Work instructions ▸
Would you return every entry below exactly as written, without its images?

*** Opening Stored data ***

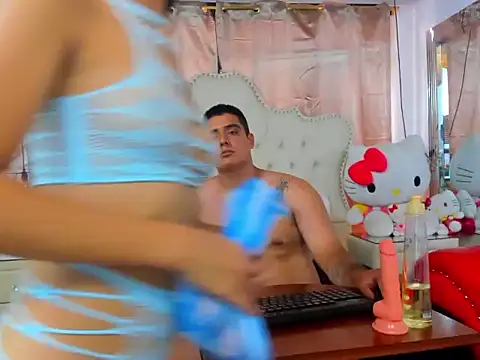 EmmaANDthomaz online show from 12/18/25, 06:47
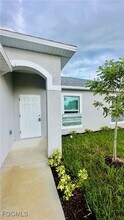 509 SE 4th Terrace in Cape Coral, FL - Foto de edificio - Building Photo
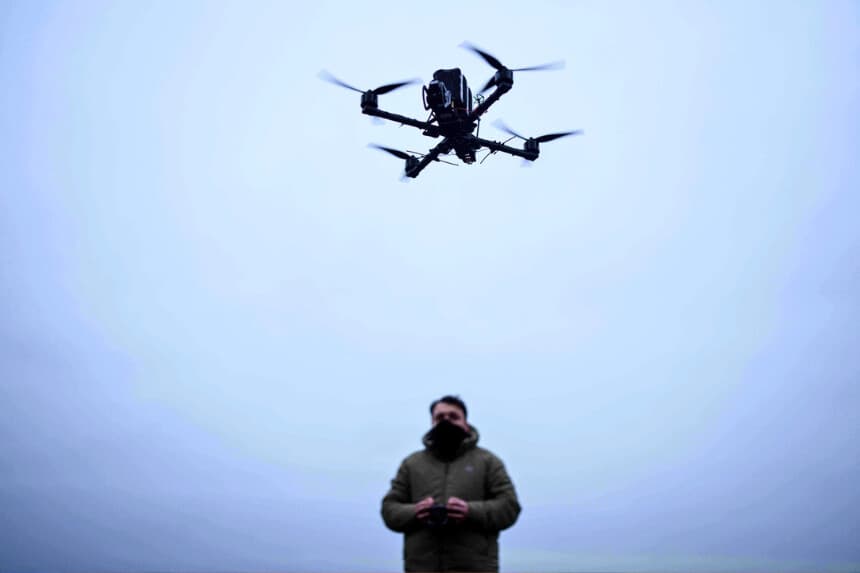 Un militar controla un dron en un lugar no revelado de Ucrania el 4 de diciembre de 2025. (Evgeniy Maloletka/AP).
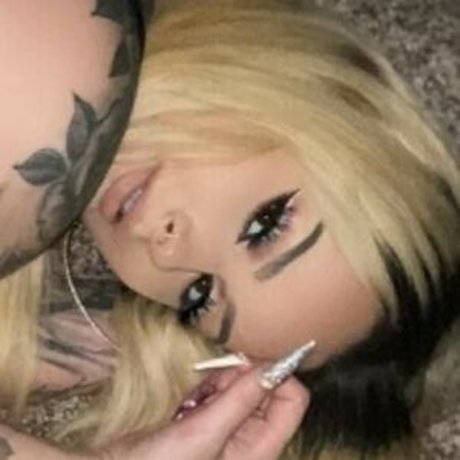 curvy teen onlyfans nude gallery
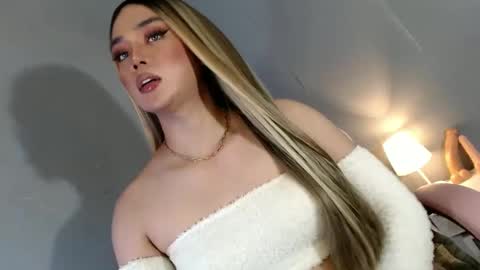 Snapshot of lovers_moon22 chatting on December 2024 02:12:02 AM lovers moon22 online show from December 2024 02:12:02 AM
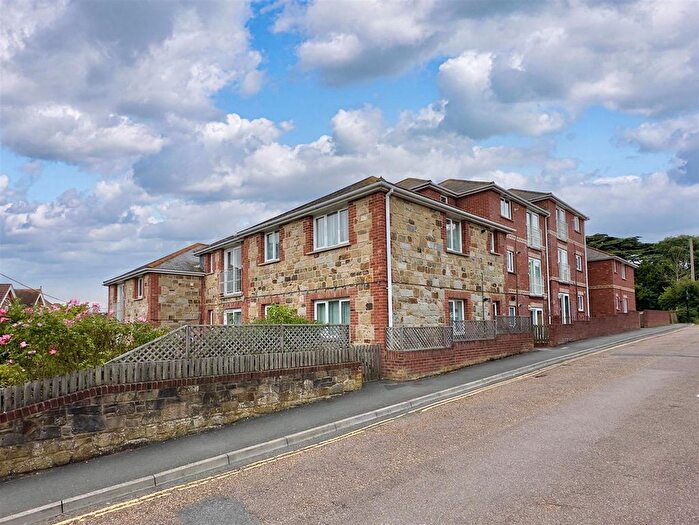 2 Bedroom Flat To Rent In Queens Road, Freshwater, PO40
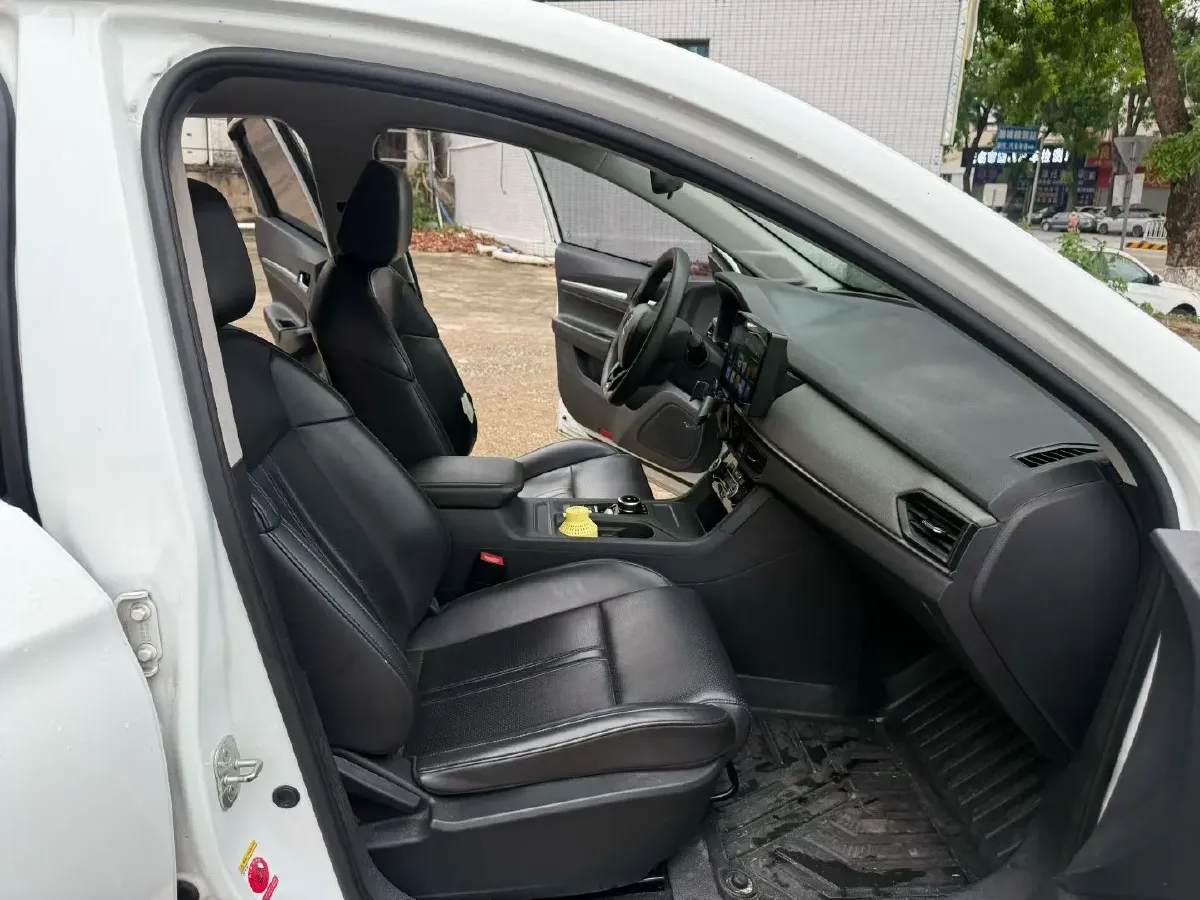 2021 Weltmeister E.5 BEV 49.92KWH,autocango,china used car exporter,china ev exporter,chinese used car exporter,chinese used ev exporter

*** Closing Stored data ***

Result ▸
 EmmaANDthomaz online show from 12/18/25, 06:47
 509 SE 4th Terrace in Cape Coral, FL - Foto de edificio - Building Photo
 Un militar controla un dron en un lugar no revelado de Ucrania el 4 de diciembre de 2025. (Evgeniy Maloletka/AP).
 curvy teen onlyfans nude gallery
 Snapshot of lovers_moon22 chatting on December 2024 02:12:02 AM lovers moon22 online show from December 2024 02:12:02 AM
 2 Bedroom Flat To Rent In Queens Road, Freshwater, PO40
 2021 Weltmeister E.5 BEV 49.92KWH,autocango,china used car exporter,china ev exporter,chinese used car exporter,chinese used ev exporter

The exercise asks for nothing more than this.